NICE recommends inotuzumab ozogamicin as an option for treating relapsed or refractory CD22-positive B-cell precursor acute lymphoblastic leukaemia (ALL) in adults following a successful appeal process against the original recommendation a year ago.
NICE have today recommended the use of inotuzumab ozogamicin, within its marketing authorisation, as an option for treating relapsed or refractory CD22-positive B-cell precursor acute lymphoblastic leukaemia in adults.
Inotuzumab ozogamicin is a monotherapy treatment named Besponsa and manufactured by Pfizer.
The decision has come almost a year after NICE originally rejected the use of inotuzumab ozogamicin in August 2017, as the treatment was not deemed to be a cost-effective use of NHS resources. The decision was successfully appealed by Leukaemia Care, Pfizer and a joint appeal from the Royal College of Pathologists, Royal College of Physicians and the Association of Cancer Physicians.
NICE, in the initial appraisal, were provided with the necessary clinical evidence that demonstrated UK practice would largely consist of using inotuzumab ozogamicin as a step to enable patients to have a stem cell transplant (SCT). When used as a step towards SCT normally only two cycles of inotuzumab ozogamicin are necessary.
A clinical trial named INO-VATE showed that far more patients were able to have a SCT following treatment with inotuzumab ozogamicin, compared to those treated with current therapies, namely FLAG-based chemotherapy.
The model for cost-effectiveness was, however, based upon a maximum of six cycles of treatment as per the marketing authorisation of inotuzumab ozogamicin.
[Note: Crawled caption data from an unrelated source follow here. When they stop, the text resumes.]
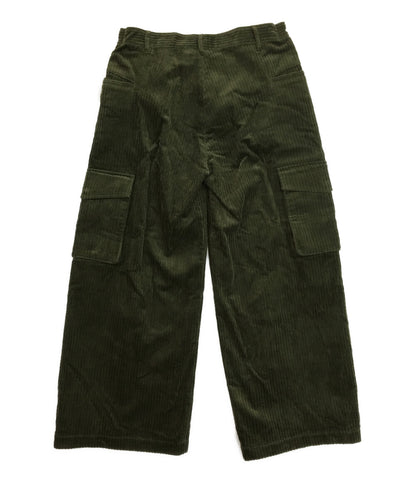 PARANOID パンツ CORDUROY BIG TUCK CARGO PANTS 24AW メンズ SIZE M パラノイド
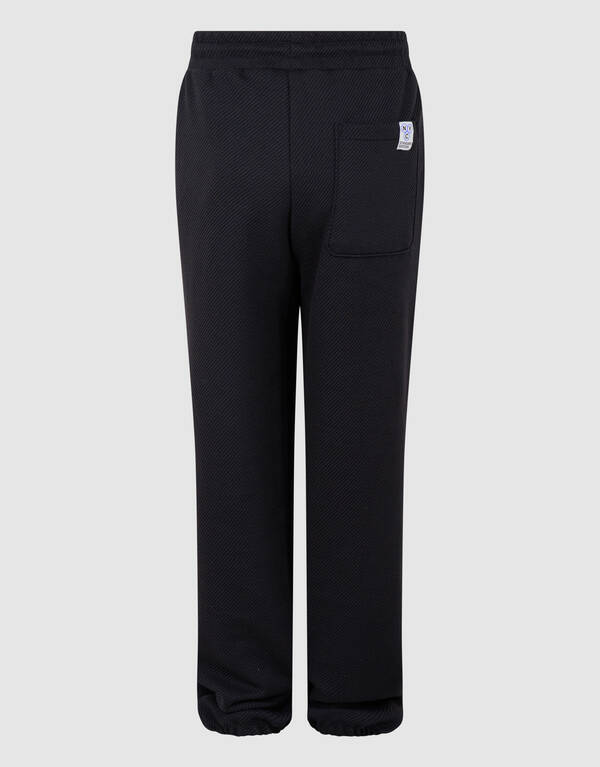 Relaxed Fit Broek Zwart SHOEBY BOYS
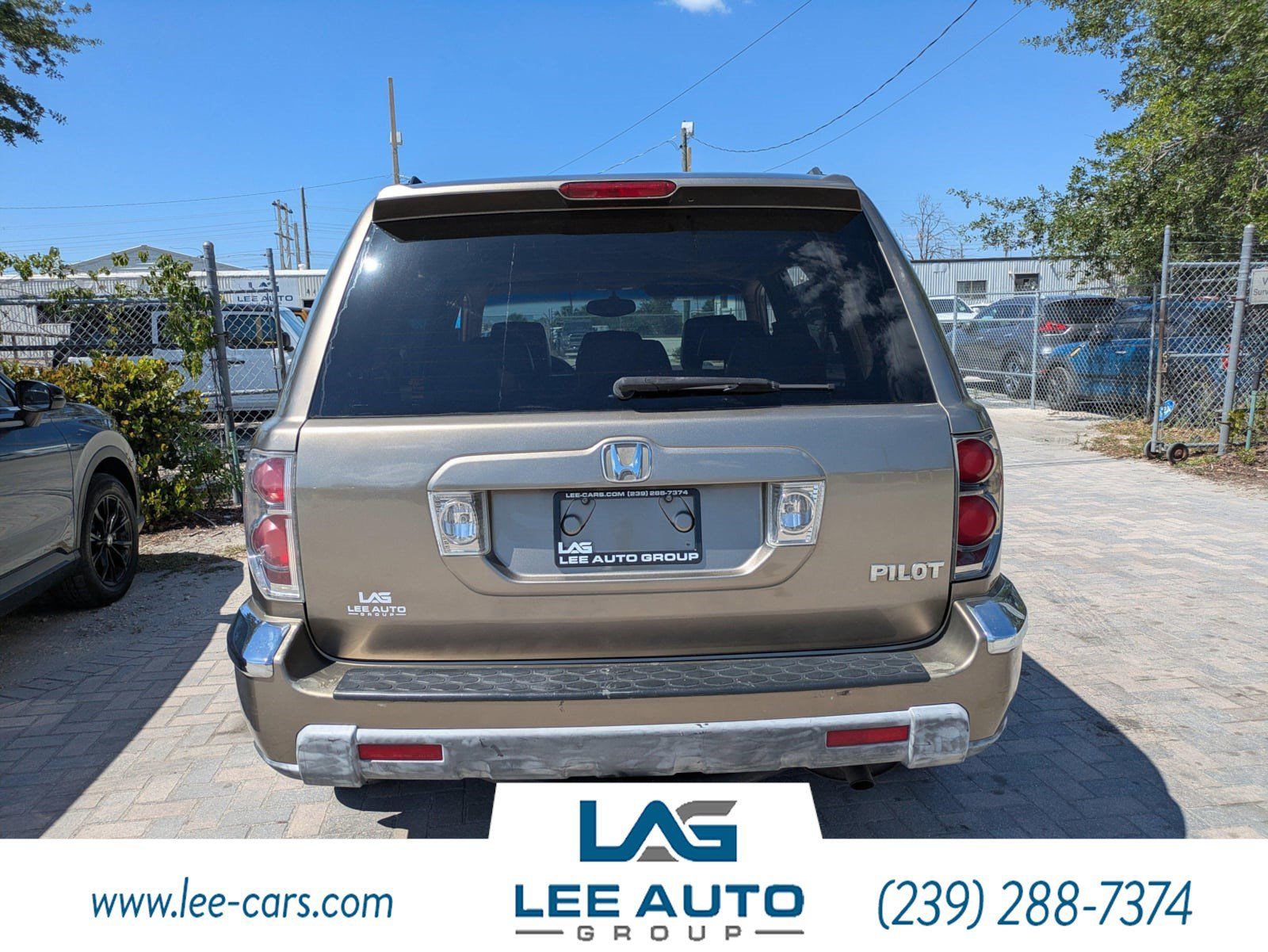 Used 2008 Honda Pilot EX-L image 4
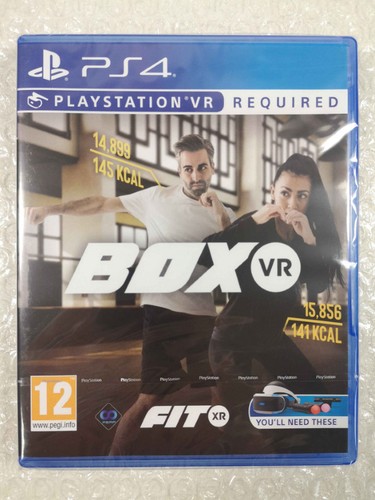 Box ps4 new - vr,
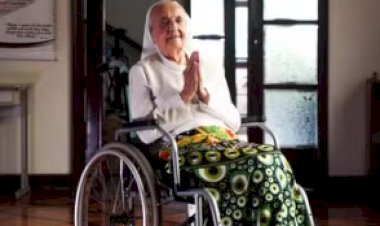 A gaúcha Inah Canabarro Lucas se torna a pessoa mais velha do mundo aos 116 anos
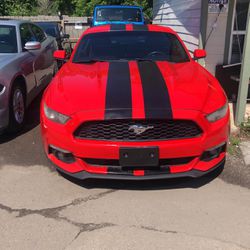 2015 Ford Mustang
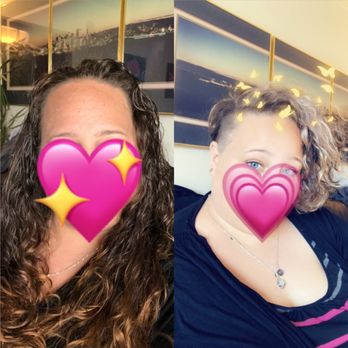 Tonic Salon - Before and after. Hair cut and color by La-Ron - Hair Salons Near Me - Belmont, California Tonic Salon - Before and after. Hair cut and color by La-Ron - Hair Salons Near Me - Belmont, California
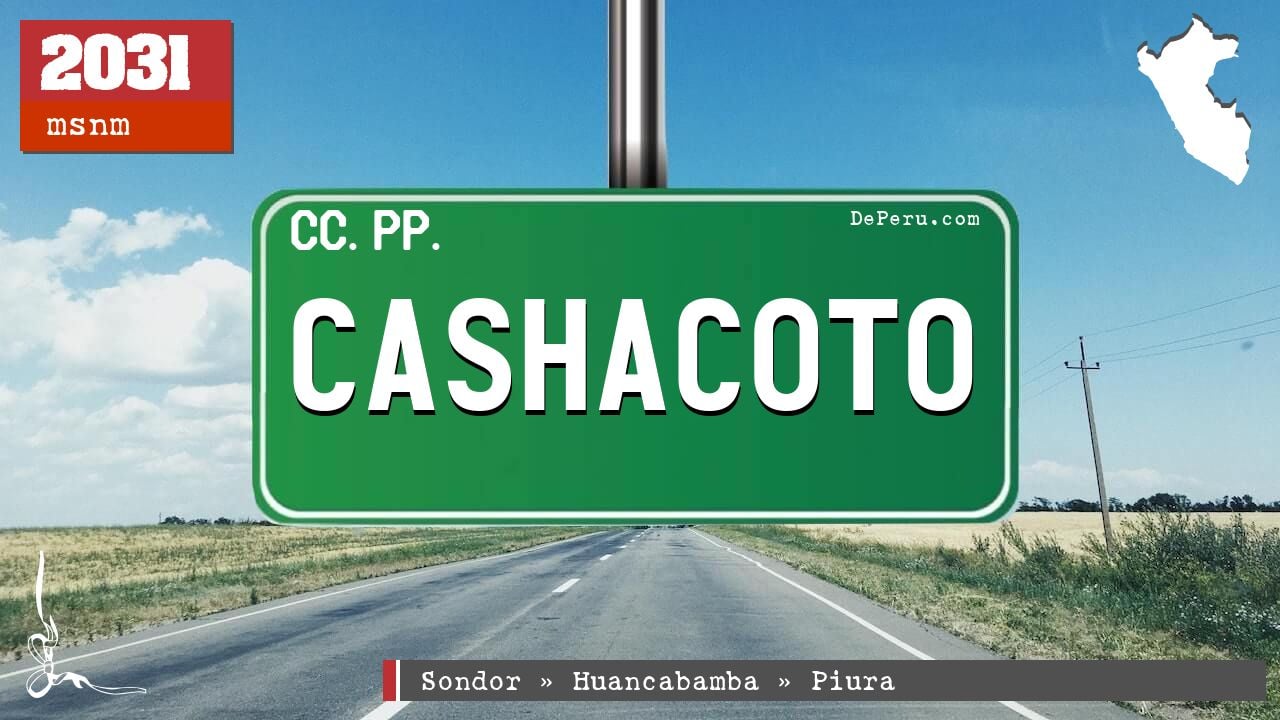 CASHACOTO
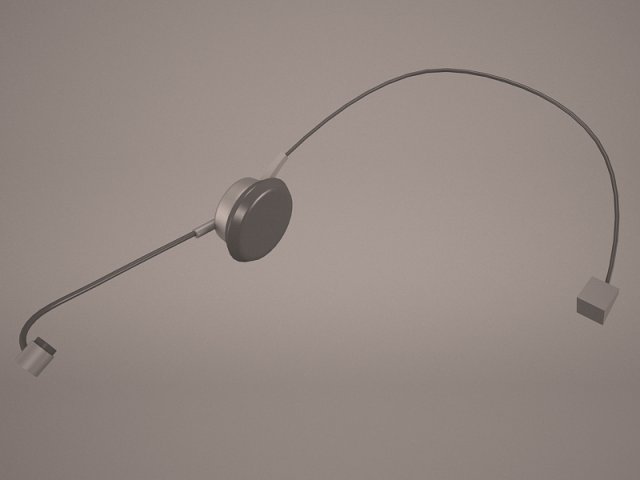 Headset 3D Model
In the case of six-cycles, the treatment is used for palliative care. This significantly increased the calculated cost of inotuzumab ozogamicin, going against the clinical evidence, and the treatment was deemed to be not cost-effective.
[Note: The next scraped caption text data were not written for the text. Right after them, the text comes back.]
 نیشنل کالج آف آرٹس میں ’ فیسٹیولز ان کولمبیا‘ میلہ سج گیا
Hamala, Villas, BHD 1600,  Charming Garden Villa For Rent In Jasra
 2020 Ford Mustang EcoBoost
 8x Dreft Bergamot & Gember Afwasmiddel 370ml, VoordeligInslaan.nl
The appellant was successful in arguing that the decision was unfair in light of the clinical evidence and it is positive that patients now have access to inotuzumab ozogamicin through the NHS. It is, however, disappointing that there has been a year long delay in access to a potentially life-saving and life-extending treatment when NICE was provided with the necessary evidence. The delay means that several patients may have now crucially missed out on accessing inotuzumab ozogamicin.
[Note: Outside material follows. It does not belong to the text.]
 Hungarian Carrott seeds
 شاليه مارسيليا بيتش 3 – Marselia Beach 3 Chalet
In June 2018, the Scottish Medicines Consortium (SMC) approved the use of inotuzumab ozogamicin for adults with relapsed/refractory acute lymphoblastic leukaemia (ALL) in Scotland, with the restriction the drug would be used “in patients for whom the intent is to proceed to stem cell transplantation.” This means that access to the drug is similar across the UK in England, Wales and Scotland with NICE having now approved the use of inotuzumab ozogamicin.
“We are delighted that after successfully appealing NICE’s previous recommendation, people in England and Wales with this particular form of ALL will have access to inotuzumab ozogamicin, providing them and their families with an important new treatment option,” said Zack Pemberton-Whiteley, Campaigns and Advocacy Director, Leukaemia Care.